### Work to be completed
Transcribe the data below verbatim from the line with "jacob riis photo essay" to the line with "DOGS!! DOGS!! DOGS!!! sticker #11985965". Include both of those lines.

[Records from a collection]
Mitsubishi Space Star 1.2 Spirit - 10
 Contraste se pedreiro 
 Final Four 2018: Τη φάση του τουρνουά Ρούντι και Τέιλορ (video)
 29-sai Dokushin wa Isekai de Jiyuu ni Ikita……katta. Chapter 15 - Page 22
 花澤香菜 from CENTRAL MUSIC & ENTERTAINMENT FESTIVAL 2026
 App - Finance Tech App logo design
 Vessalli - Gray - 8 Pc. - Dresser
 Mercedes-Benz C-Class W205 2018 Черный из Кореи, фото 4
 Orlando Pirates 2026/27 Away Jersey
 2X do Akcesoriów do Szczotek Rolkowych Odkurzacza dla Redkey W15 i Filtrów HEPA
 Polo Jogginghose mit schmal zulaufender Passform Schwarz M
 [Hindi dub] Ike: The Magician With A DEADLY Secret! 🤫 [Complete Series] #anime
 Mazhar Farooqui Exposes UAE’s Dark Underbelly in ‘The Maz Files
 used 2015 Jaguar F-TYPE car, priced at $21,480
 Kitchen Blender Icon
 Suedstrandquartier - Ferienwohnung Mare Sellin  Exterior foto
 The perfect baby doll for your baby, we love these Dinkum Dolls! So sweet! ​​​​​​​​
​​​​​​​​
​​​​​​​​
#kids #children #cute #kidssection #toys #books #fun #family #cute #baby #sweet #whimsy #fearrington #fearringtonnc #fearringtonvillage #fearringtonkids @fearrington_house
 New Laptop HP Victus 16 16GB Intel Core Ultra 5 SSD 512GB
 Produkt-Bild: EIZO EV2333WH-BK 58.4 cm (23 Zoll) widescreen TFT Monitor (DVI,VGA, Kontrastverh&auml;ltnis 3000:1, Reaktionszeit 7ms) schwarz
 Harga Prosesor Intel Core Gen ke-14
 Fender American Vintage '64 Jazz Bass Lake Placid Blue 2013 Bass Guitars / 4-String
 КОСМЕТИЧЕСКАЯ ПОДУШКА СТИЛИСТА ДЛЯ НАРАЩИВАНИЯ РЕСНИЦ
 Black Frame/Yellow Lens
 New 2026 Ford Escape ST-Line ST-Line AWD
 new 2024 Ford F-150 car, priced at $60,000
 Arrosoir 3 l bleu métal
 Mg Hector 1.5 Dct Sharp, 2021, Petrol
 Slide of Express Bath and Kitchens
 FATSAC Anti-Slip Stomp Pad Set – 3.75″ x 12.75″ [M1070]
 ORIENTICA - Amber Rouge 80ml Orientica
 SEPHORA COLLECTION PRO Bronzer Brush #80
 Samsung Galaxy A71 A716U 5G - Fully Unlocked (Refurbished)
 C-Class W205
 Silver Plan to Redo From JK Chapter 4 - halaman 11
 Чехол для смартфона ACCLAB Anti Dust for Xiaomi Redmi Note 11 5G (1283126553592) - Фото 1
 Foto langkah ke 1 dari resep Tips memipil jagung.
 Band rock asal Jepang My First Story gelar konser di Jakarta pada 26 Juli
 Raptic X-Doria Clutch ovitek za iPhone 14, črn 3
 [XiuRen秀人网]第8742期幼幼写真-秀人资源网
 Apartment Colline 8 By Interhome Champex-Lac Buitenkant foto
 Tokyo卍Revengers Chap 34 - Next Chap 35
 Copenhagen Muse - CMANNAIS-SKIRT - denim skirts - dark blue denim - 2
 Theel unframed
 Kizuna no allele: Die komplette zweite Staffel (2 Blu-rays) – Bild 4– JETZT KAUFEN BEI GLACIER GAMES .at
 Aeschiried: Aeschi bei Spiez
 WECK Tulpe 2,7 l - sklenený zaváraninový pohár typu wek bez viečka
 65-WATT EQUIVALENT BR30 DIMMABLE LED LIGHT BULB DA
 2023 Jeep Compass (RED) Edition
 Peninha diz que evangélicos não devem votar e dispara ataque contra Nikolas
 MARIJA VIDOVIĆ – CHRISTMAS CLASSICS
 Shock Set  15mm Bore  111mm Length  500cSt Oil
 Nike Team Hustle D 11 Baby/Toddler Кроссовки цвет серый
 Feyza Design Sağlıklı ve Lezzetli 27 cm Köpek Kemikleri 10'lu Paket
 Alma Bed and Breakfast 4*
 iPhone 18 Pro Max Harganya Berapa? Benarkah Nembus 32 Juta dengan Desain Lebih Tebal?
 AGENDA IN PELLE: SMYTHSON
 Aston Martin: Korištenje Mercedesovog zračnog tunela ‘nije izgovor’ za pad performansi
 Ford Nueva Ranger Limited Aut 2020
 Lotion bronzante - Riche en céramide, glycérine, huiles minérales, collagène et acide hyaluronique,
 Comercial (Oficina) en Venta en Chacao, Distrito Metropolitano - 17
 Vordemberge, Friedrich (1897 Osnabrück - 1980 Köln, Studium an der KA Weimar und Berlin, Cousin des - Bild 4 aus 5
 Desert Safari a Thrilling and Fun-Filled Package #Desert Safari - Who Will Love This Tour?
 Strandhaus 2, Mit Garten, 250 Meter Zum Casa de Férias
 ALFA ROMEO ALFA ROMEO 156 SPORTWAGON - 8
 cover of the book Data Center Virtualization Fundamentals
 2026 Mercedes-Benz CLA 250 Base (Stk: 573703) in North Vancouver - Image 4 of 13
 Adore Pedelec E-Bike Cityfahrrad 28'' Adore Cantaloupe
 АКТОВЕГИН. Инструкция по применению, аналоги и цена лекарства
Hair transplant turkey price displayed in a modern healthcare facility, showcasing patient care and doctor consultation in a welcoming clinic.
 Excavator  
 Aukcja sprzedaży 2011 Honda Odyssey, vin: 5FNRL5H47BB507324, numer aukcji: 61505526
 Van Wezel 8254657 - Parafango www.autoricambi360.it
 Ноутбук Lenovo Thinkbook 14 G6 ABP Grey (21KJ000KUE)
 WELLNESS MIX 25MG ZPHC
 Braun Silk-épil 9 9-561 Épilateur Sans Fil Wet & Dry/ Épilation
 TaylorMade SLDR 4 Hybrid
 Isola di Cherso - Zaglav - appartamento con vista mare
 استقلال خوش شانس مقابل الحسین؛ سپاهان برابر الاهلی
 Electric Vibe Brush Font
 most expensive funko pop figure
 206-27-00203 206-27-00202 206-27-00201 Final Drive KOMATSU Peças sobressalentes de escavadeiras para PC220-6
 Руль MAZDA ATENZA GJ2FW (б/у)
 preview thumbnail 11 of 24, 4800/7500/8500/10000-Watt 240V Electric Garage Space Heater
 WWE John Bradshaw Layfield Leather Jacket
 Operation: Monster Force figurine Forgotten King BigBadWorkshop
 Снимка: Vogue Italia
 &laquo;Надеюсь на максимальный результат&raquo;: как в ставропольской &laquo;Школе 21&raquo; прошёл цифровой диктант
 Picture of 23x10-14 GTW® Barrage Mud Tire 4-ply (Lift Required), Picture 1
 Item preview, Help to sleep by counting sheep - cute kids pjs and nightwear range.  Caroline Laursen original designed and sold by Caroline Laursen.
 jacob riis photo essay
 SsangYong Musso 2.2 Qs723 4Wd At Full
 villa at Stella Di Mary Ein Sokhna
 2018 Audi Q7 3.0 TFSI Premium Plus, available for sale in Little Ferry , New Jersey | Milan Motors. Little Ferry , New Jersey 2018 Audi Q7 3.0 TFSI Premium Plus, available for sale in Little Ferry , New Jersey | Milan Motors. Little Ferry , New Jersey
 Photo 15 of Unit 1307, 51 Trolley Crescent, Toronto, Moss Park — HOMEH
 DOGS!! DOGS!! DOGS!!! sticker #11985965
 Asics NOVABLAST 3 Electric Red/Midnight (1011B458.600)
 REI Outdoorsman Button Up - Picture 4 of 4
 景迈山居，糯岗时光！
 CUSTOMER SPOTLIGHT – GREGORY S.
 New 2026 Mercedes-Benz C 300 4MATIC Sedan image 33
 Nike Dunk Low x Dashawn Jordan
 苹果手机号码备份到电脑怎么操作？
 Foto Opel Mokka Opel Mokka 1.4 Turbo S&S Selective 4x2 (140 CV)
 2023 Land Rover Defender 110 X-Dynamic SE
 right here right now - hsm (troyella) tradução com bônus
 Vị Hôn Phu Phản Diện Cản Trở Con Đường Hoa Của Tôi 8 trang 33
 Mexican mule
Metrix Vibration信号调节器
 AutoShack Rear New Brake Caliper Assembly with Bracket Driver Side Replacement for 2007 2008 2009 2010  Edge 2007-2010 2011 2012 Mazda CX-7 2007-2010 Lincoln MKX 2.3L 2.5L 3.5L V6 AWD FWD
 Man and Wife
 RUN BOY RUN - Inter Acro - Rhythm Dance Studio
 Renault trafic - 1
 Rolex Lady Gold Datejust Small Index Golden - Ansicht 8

### Solution for this exercise
 jacob riis photo essay
 SsangYong Musso 2.2 Qs723 4Wd At Full
 villa at Stella Di Mary Ein Sokhna
 2018 Audi Q7 3.0 TFSI Premium Plus, available for sale in Little Ferry , New Jersey | Milan Motors. Little Ferry , New Jersey 2018 Audi Q7 3.0 TFSI Premium Plus, available for sale in Little Ferry , New Jersey | Milan Motors. Little Ferry , New Jersey
 Photo 15 of Unit 1307, 51 Trolley Crescent, Toronto, Moss Park — HOMEH
 DOGS!! DOGS!! DOGS!!! sticker #11985965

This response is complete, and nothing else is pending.